Sementara itu, Paulus menekankan bahwa urusan keselamatan bukan masalah pengetahuan melainkan anugerah Allah. Itu sebabnya, Paulus dalam ayat 20 mengatakan, “rekonsiliasi bukan hasil melakukan hukum Taurat, hukum Taurat adalah pengetahuan manusia atas dirinya sendiri yang begitu tidak layak di hadapan kekudusan Allah.
3. Imanlah yang Membenarkan “Pas” (semua) Manusia (21-31)

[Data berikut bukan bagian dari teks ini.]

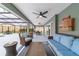 Relaxing outdoor patio area with wicker furniture, ceiling fans and screened enclosure at 488 Seth Run, The Villages, FL 32163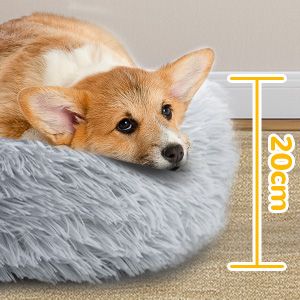 a dog bed with a dog's head resting on it.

Ayat 21, khususnya kata “tanpa” lebih baik diterjemahkan menjadi di luar (khoris), agar pembaca bisa dengan lebih mudah memahami bahwa kebenaran dan keselamatan berada di luar hukum Taurat. Pembenaran dan keselamatan hanya melalui iman dalam Yesus Kristus. Dengan demikian, maka usaha manusia tidak dapat meraih keselamatan, karena semua manusia telah berdosa (tidak sempurna dalam melakukan kebenaran Allah), manusia sangat membutuhkan karunia Allah yang telah diinisiasi oleh Allah sendiri.

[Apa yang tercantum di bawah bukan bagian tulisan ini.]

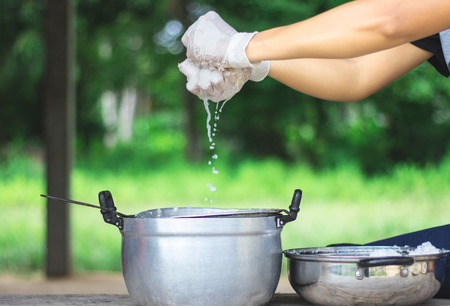 Close up view. Hands person are crushed coconut milk put into an old pot with a sieve for filtering.の写真素材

Anugerah berarti pemberian yang gratis, karenanya, Paulus mengatakan, “dengan dasar apa manusia bermegah?” Tidak lain karena iman. Iman yang dimaksud Paulus di sini jelas tidak bersifat eksklusif, tetapi untuk semua orang yang beriman, baik Yahudi maupun non-Yahudi. Contoh yang paling nyata adalah kisah Pentakosta dalam Kis. 2:9, seluruh bangsa bahkan Mesir dan Arab menerima karunia Allah sebagai tanda perkenanan Allah karena iman percaya mereka.
Apakah hukum Taurat tidak berlaku ketika iman itu ada? (lih. Hal 3, alinea 2), hukum Taurat tetap berlaku sebagai pengetahuan dan pengenalan akan dosa, sekaligus pernyataan sifat Allah yang kudus dan kasih, dan pemelihara umat dari tindakan berdosa.
Penutup
Paulus hendak menyatakan pada pasal 3 ini, bahwa setiap manusia adalah sama di hadapan Allah, baik Yahudi maupun Yunani. Semua manusia (pas) adalah berdosa dan tidak sanggup menyelamatkan diri mereka dari segala usaha. Manusia sangat membutuhkan anugerah Allah, itulah sebabnya manusia tidak lain adalah makhluk yang rapuh dan tanpa iman maka manusia tetap berada dalam kuasa perbudakan dosa.
Keselamatan/pembenaran oleh kemurahan Allah menurut Paulus, seharusnya memberikan pemikiran baru kepada setiap kita bahwa tidak ada yang dapat dibanggakan dalam kehidupan manusia, tidak ada manusia yang harusnya bermegah, kecuali bermegah di dalam Yesus.